High school coaches are sure to trumpet their own players. It's what they do. But when college programs start hearing good things from the coaches who played against those players, it carries a lot of weight.
That's what Virginia Tech heard about 2015 signees quarterback Dwayne Lawson and running back Deshawn McClease during the recruiting process.
"You ask any of the coaches in the area that played against those guys: those guys were lethal weapons," Hokies director of player personnel Chuck Cantor said last week. "They were like, ‘We’re glad that guy is moving on.’"
A year after Tech's offensive staff went about replenishing the roster with skill players on National Signing Day, it was a small skill group for the Hokies in their 2015 class, which was heavy on linemen.

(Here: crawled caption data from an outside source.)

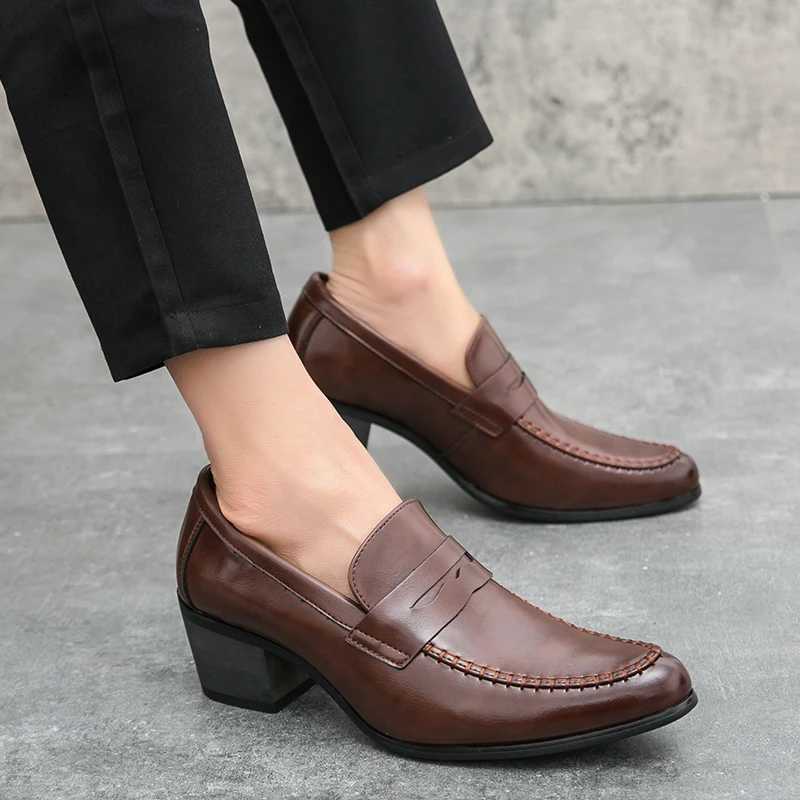 Classic Thick High Heels British Business Social Shoes Men High Quality Brogue Platform Leather Shoes Men Formal Leather For Man W250716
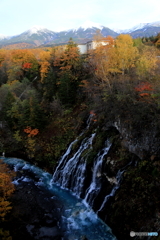 滝と十勝岳連峰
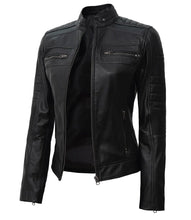 Women's Black Cafe Racer Leather Jacket
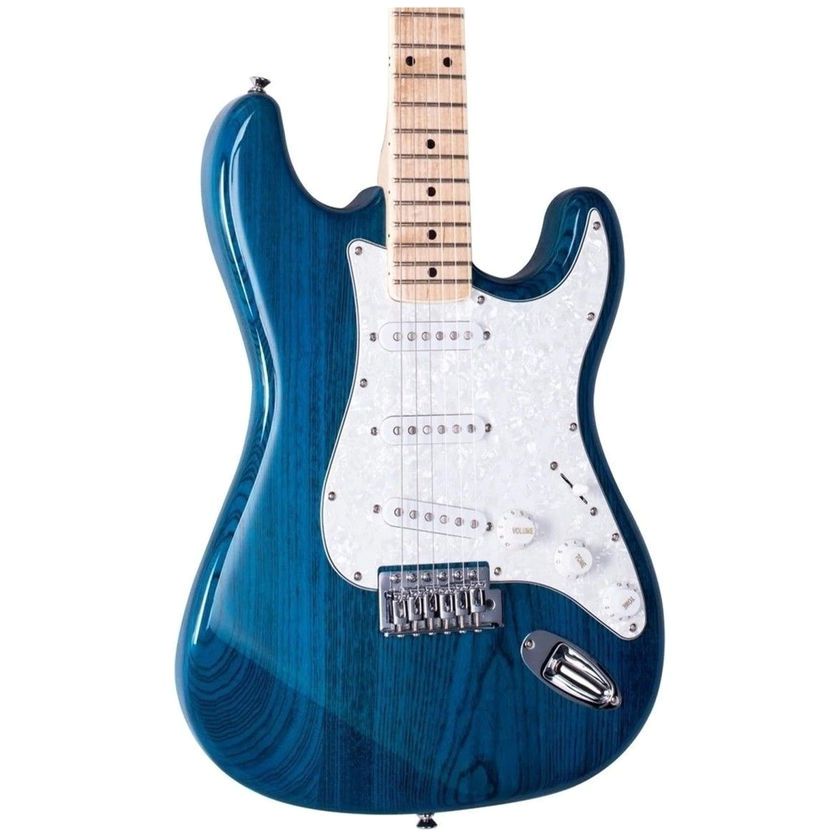 SX Guitar SST/ASH/TBU Ash Series Stallion Electric Guitar - Trans Blue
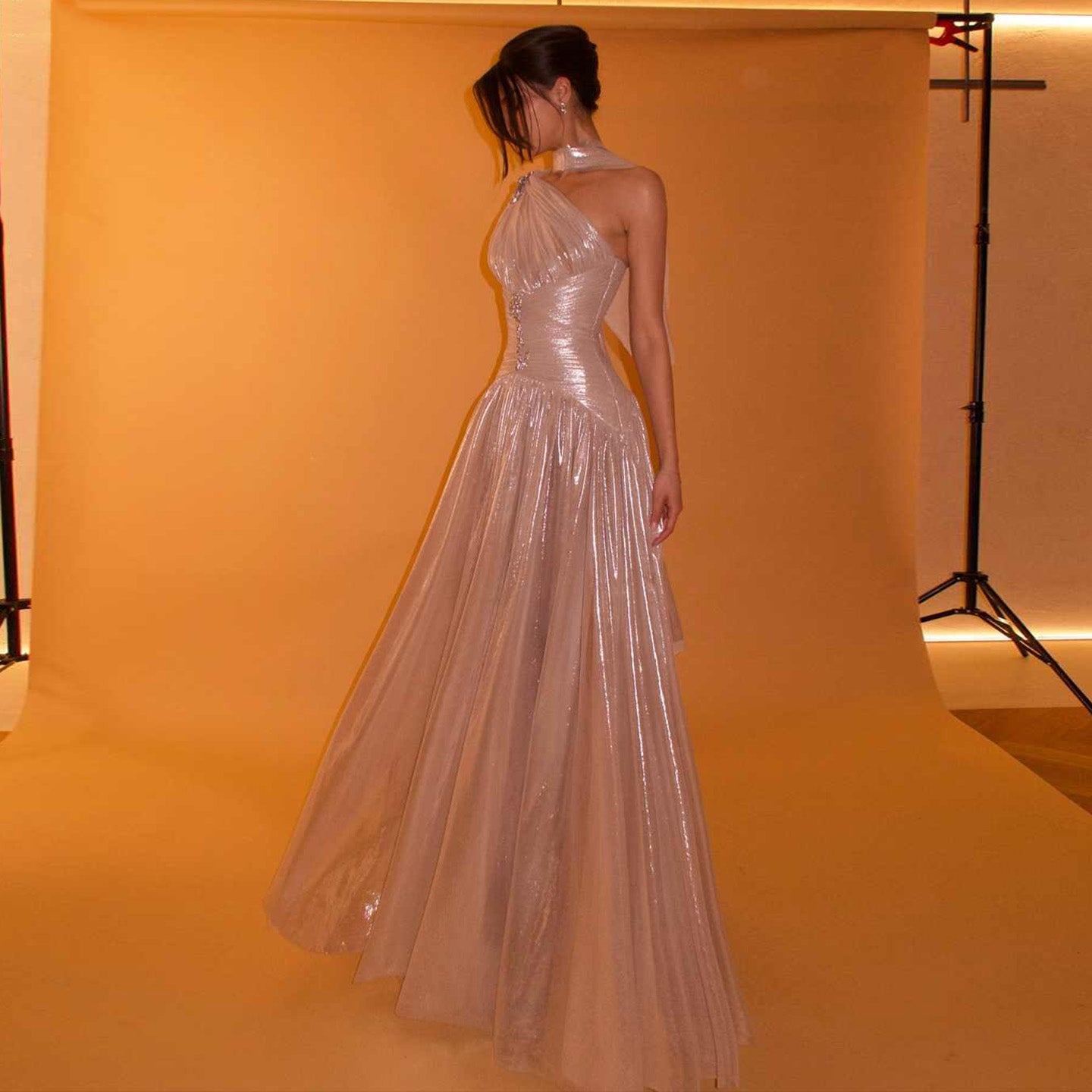 Pink One-Shoulder Sheer Waist-Fitted Elegant Evening Dress SF235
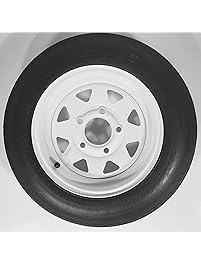 Tredit RIM & TIRE ASSEMBLY, SPOKED WHEEL, WHITE-480 X 12; 5-Hole Spoked Rim; Load Range B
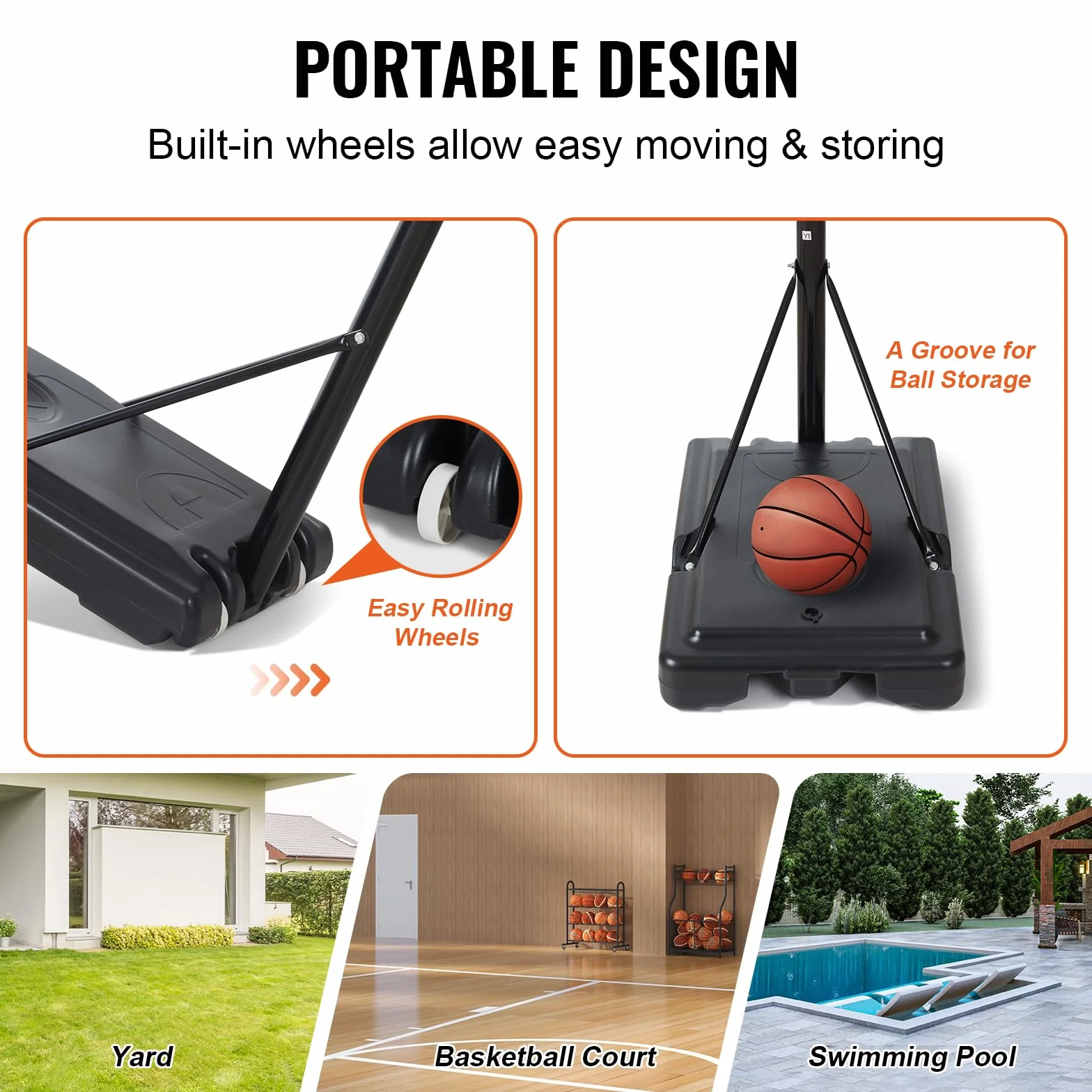VEVOR Panier de Basket Extérieur Intérieur Portable Réglable en Hauteur 122-305 cm Panneau de Basket 112 cm sur Pied à roulettes avec Base de Lestage pour Adultes Enfants Entraînement de Basket-Ball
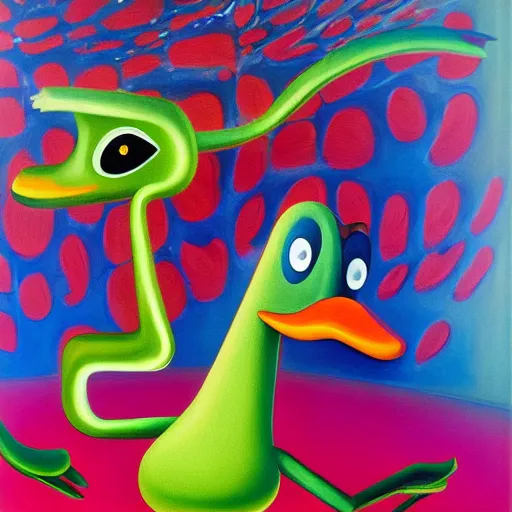 Image similar to a duck on the prowl oil painting kenny scharf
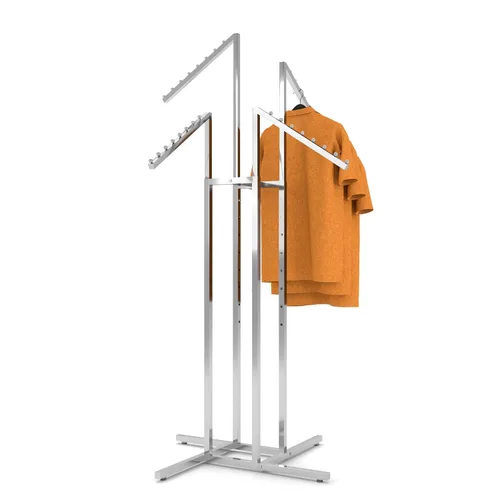 Vista 6 de Perchero para ropa resistente de cromo con 4 brazos rectos ajustables, tubos cuadrados, ideales para exhibir ropa en tiendas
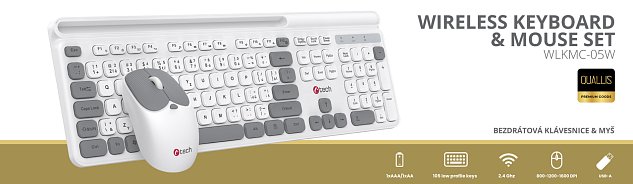 Klávesnice C-TECH Quallis WLKMC-05, bezdrátový combo set s myší, bílá, USB, CZ/SK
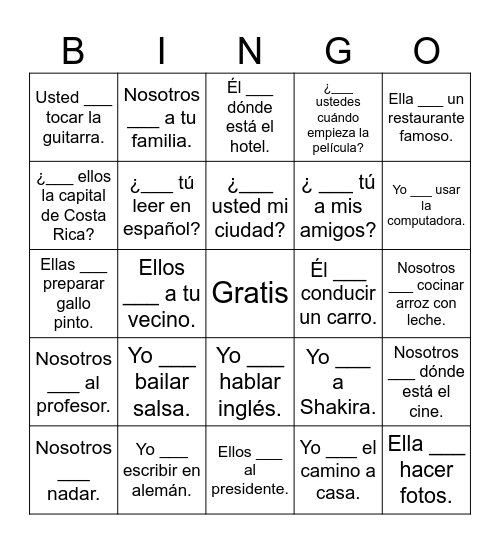 Saber y conocer Bingo Card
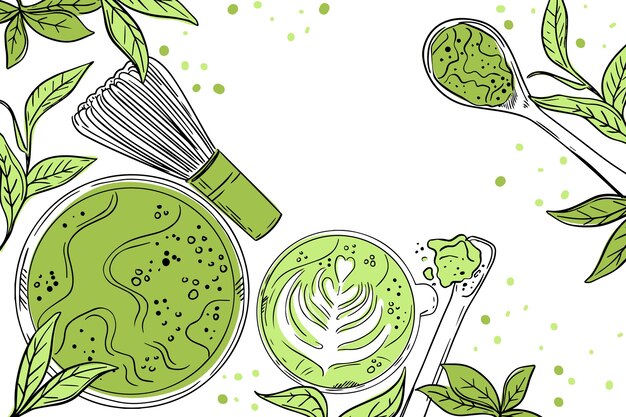 Tema de fondo de té Matcha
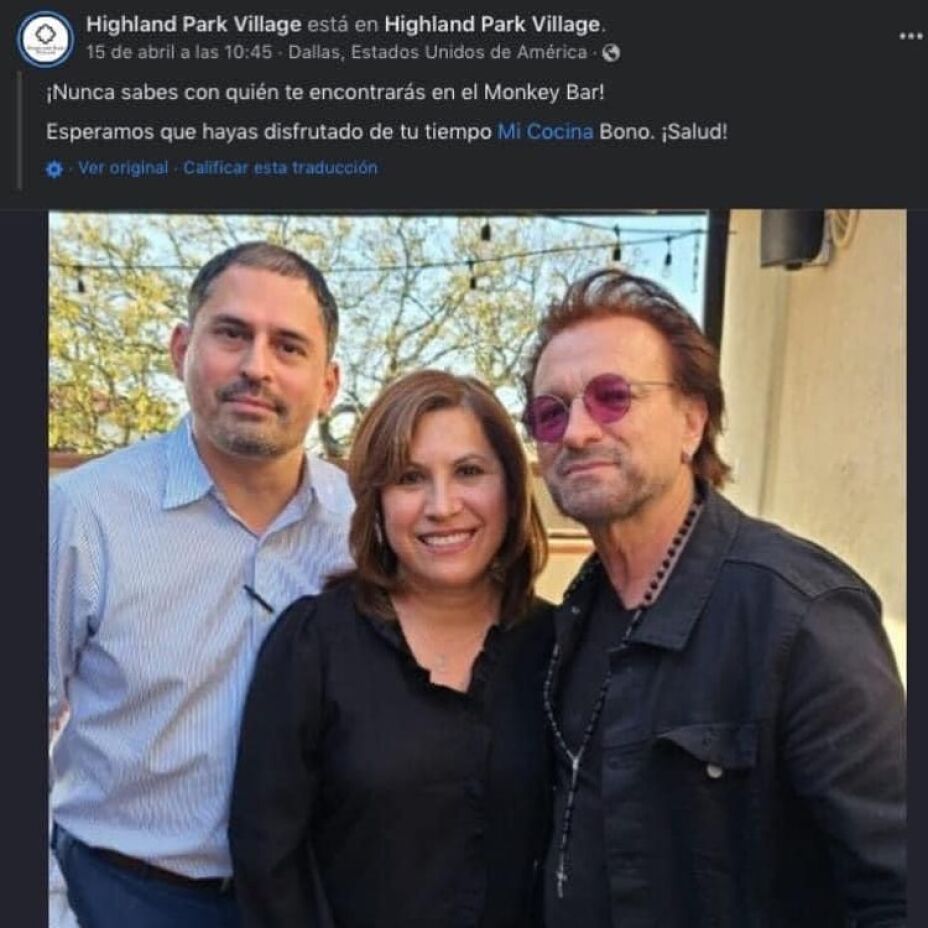 ¡Hombre come gratis tras ser confundido con Bono de U2!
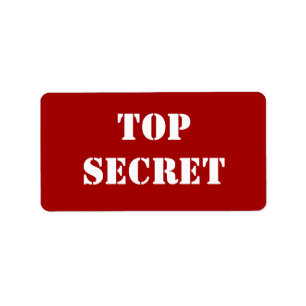 Etiqueta Secreto superior del esténcil rojo
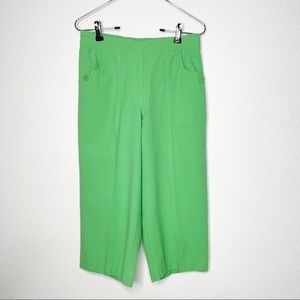 Alfred Dunner Green Capri Pants Women’s Size 8 Petite Culottes Coastal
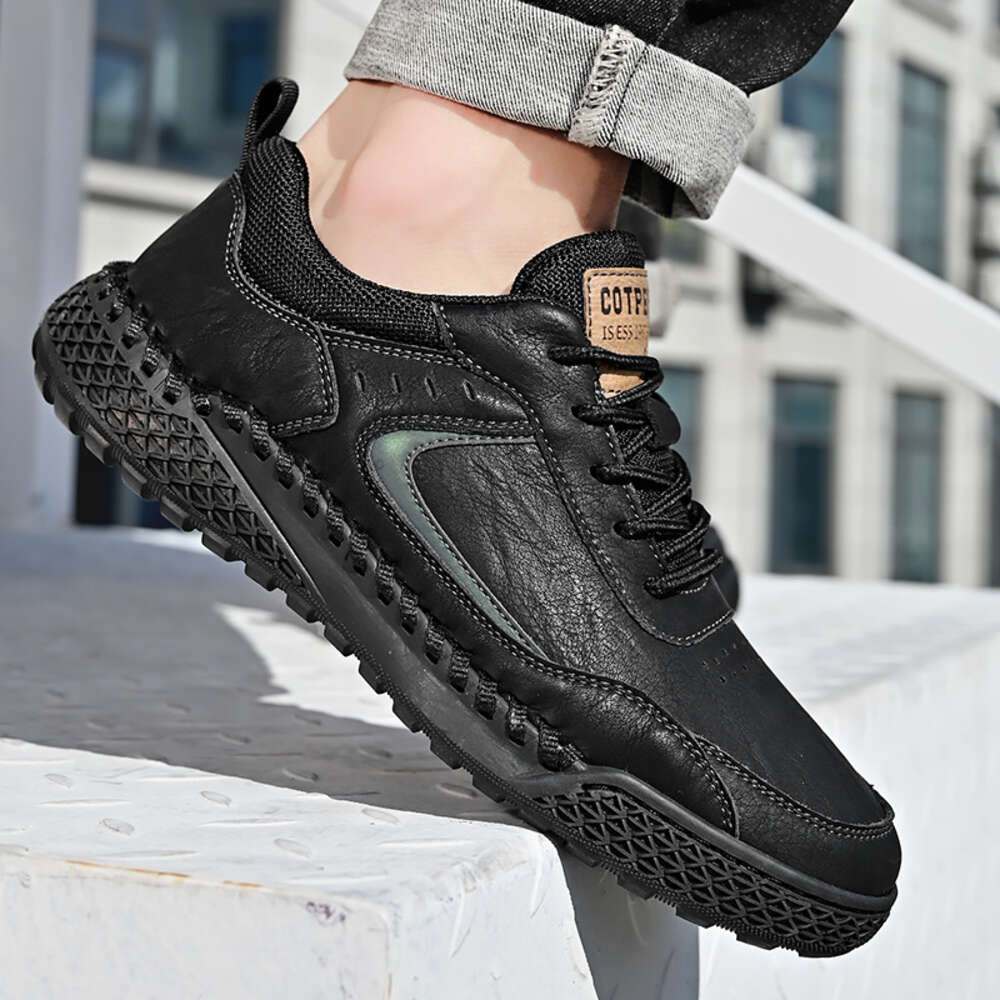 S Korean Men Version Versatile Men Breathable Casual Shoes Non Slip Soft Soles British Fashion Trend One Foot Leather Ddmysaturn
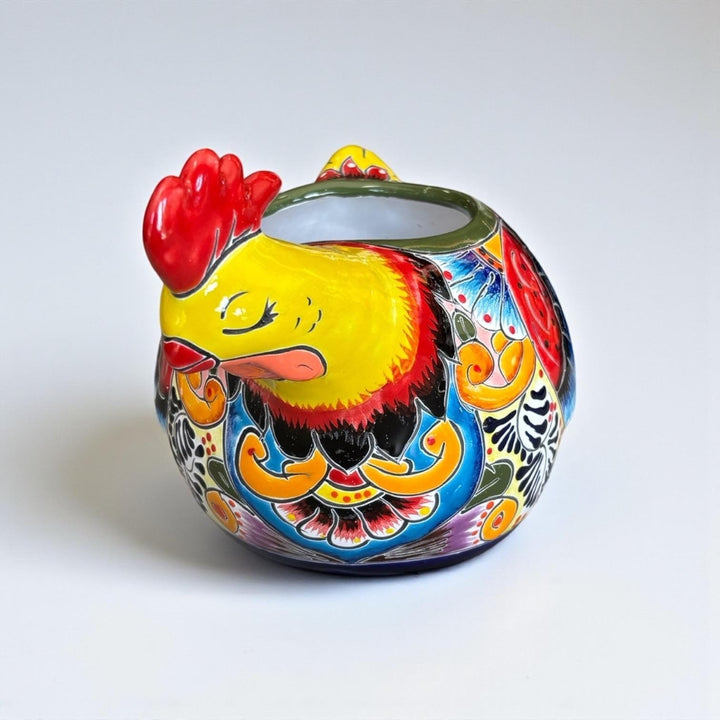 Beautiful Hand Painted Mexican Talavera Sleeping Yellow Chicken Hen Planter Pot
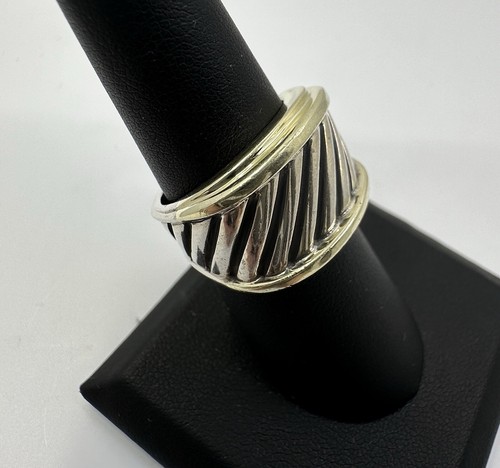 Anello con cavo a fascia per sigari 925 14 kt David Yurman misura 6,5 - Foto 2 di 4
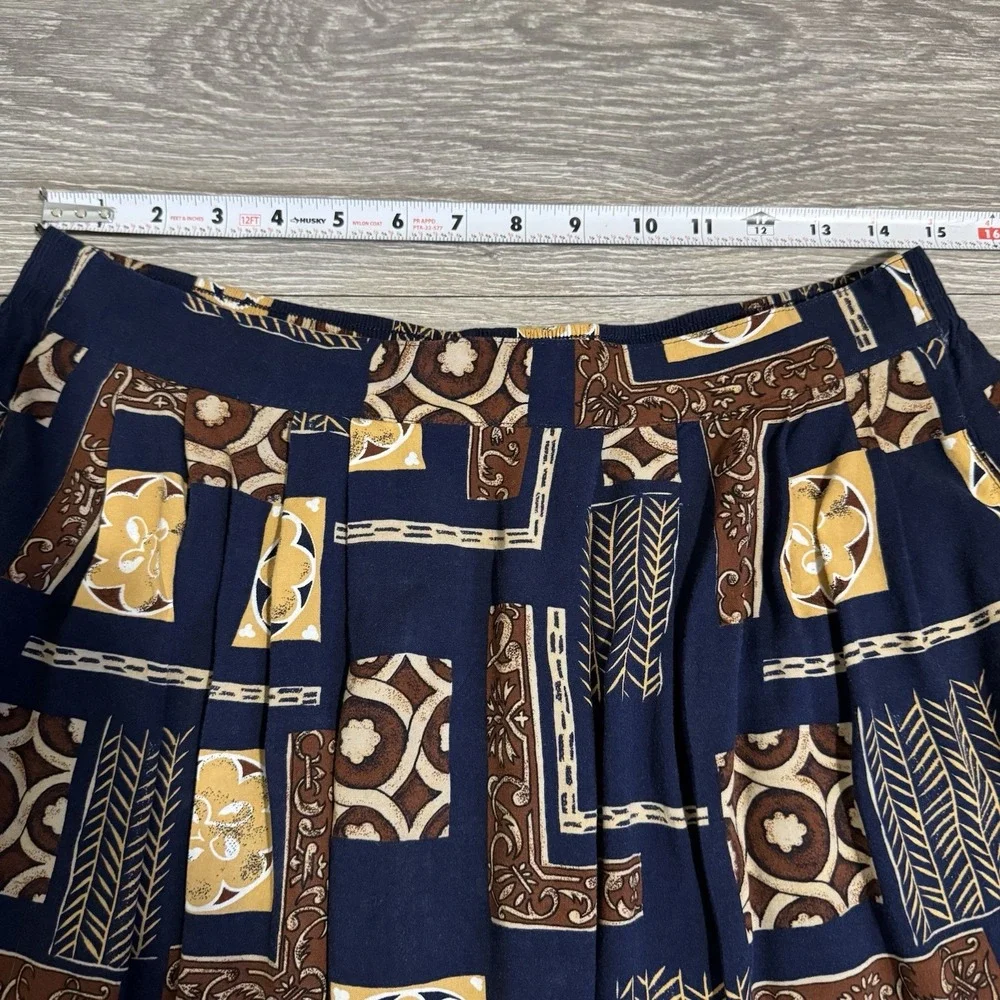 Sag Harbor 1/2 Elastic Waist Boho Midi Skirt Geometric Print Peasant Indie Large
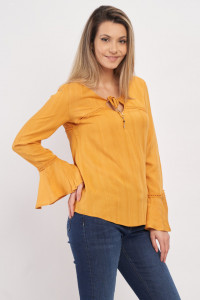 Kenvelo - Camasa dama cu maneca lunga tip clopot si snur pentru ajustare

But while quantity might have been lacking, Virginia Tech appears to have added quality in Lawson and McClease, both four-star recruits by various services.
Lawson, a 6-foot-6, 207-pound quarterback from Tampa, Florida, picked the Hokies after originally committing to Miami. Early playing time is his goal, and Virginia Tech, despite returning senior starter Michael Brewer, could accommodate him better than Miami with Brad Kaaya in the way for the foreseeable future.
"We want to establish as much depth as we can at that position and make it extremely competitive," offensive coordinator Scot Loeffler said during Virginia Tech's signing day webcast. "We want that room never to be comfortable.
"We obviously had Michael Brewer start last year and [Brenden] Motley get some time, but at the end of the day, it’s always an open job. And we want it to be highly competitive. We’re really looking forward to Dwayne fitting into the mix in the summertime. I think we’re to the point where at that position we’re going to be much more productive than we have been."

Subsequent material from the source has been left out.